>>>>
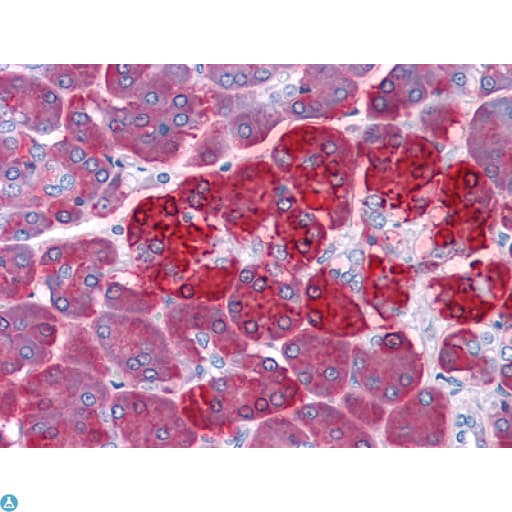 Monoclonal Mouse anti-Human REG1A Antibody (IHC, IF)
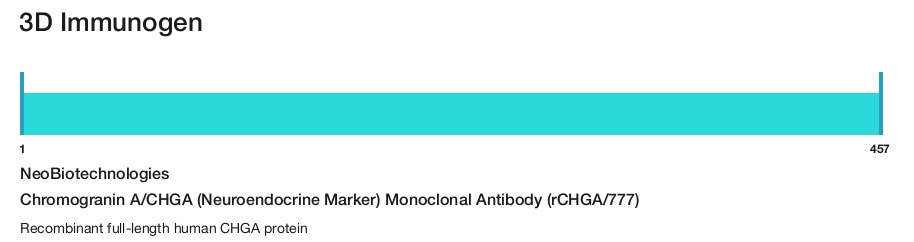 Chromogranin A/CHGA (Neuroendocrine Marker) Monoclonal Antibody (rCHGA/777)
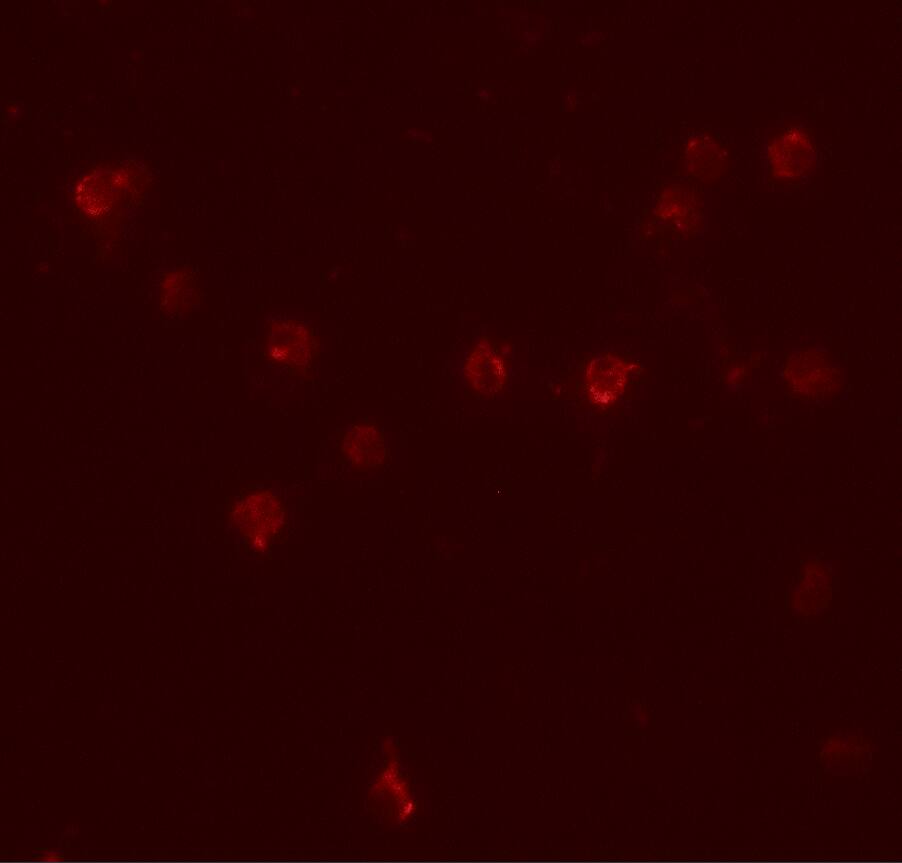 DDX60 Antibody - BSA Free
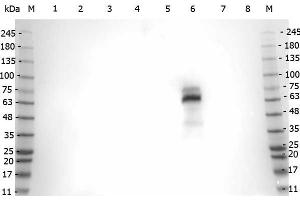 Western Blot of Rabbit anti-Myeloperoxidase antibody. (Myeloperoxidase anticorps)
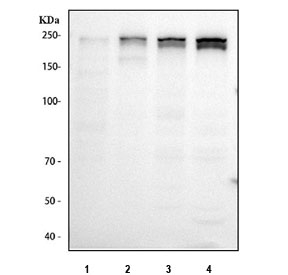 Western blot testing of human 1) ThP-1, 2) Jurkat, 3) HEL and 4) MCF7 cell lysate with ARID2 antibody. Predicted molecular weight: 191/197 kDa (two isoforms).
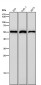 Anti-NUP50 Rabbit Monoclonal Antibody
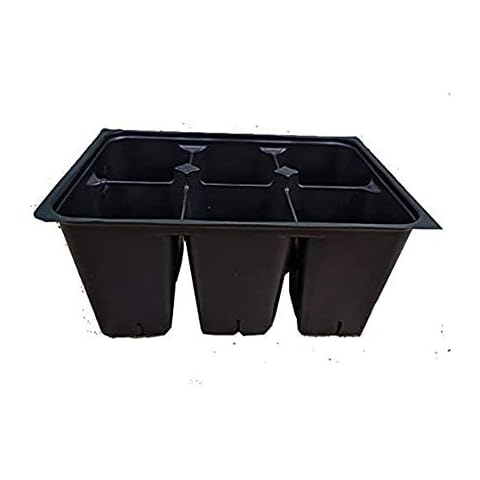 AAAmercantile Seed Starter Trays 300 DEEP Extra Large Cells Total (50 Trays of 6 Cells Each) Cover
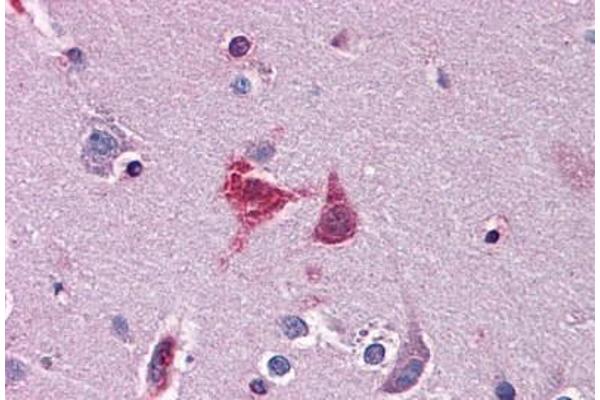 WDR20 antibody  (AA 1-570)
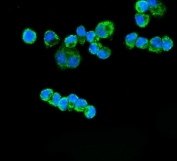 Immunofluorescent staining of FFPE human T-47D cells with ETFA antibody (green) and DAPI nuclear stain (blue). HIER: steam section in pH6 citrate buffer for 20 min.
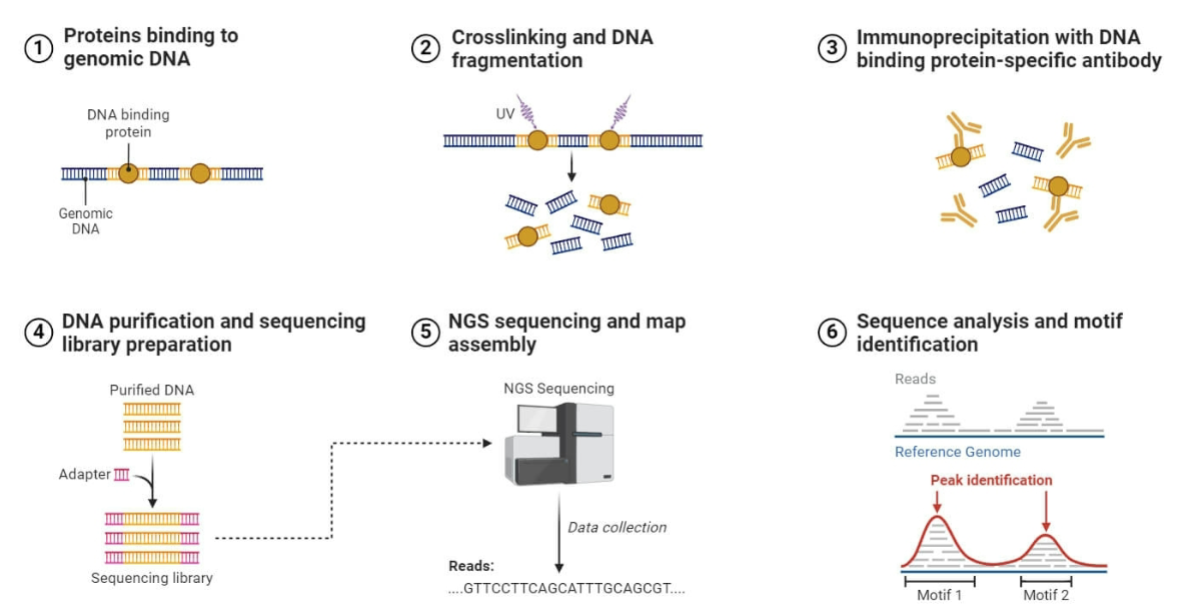 <ul><li><p>Maps locations of specific nucleosomes within a genome </p></li><li><p>Allows determination of the location of nucleosomes, histone variants and where covalent modifications of histones occur</p></li><li><p>Chromatin immunoprecipitation combined with DNA sequencing</p></li><li><p>Performed in species where genome has been sequenced</p></li></ul><p></p>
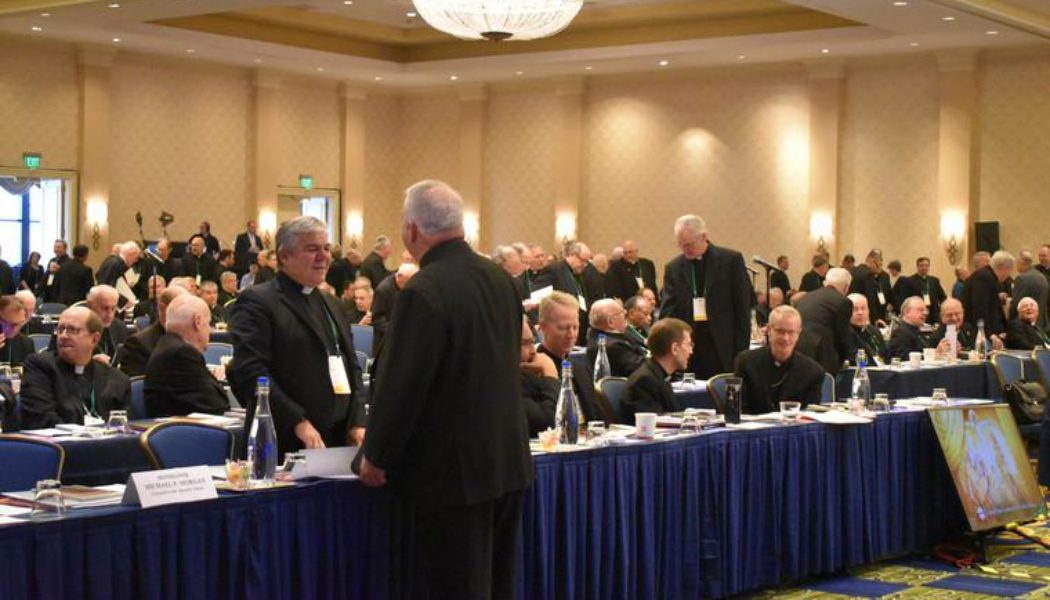 Catholic Twitter Reacts Hotly as U.S. Bishops Set ‘Woke’ Tone for Synod in Viral Tweet…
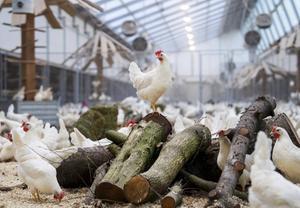 Kippenstal in het Gelderse Beuningen. De Wageningen Universiteit onderzoekt of dieren het coronavirus Covid-19 kunnen overdragen op mensen. beeld ANP, Piroschka van de Wouw
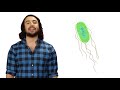 Unicellular Life Part 1: Bacteria
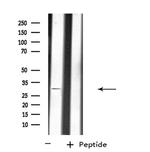 CD298 Antibody in Western Blot (WB)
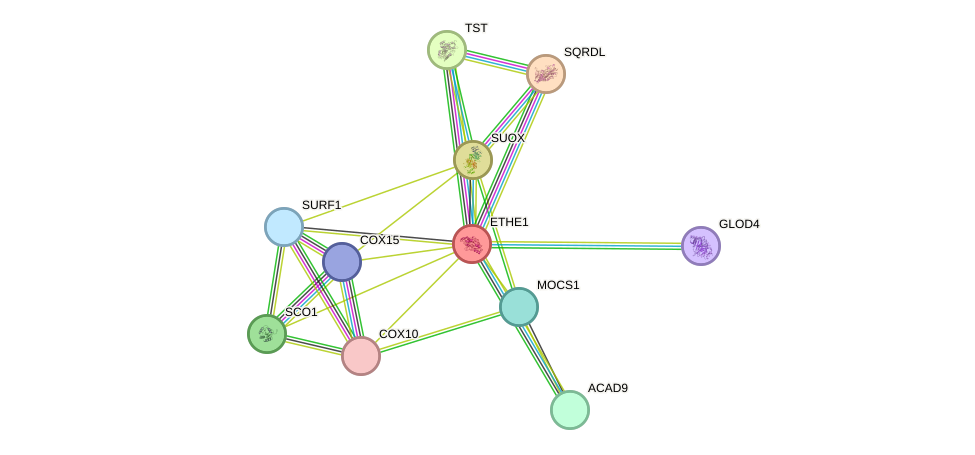 STRING protein interaction network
<<<<
**Task goal**:
Every line above between the one containing "Chromogranin A/CHGA (Neuroendocrine" and the one containing "Western Blot of", those two included, is to be printed exactly. No pictures go into the copy.

**Worked solution**:
 Chromogranin A/CHGA (Neuroendocrine Marker) Monoclonal Antibody (rCHGA/777)
 DDX60 Antibody - BSA Free
 Western Blot of Rabbit anti-Myeloperoxidase antibody. (Myeloperoxidase anticorps)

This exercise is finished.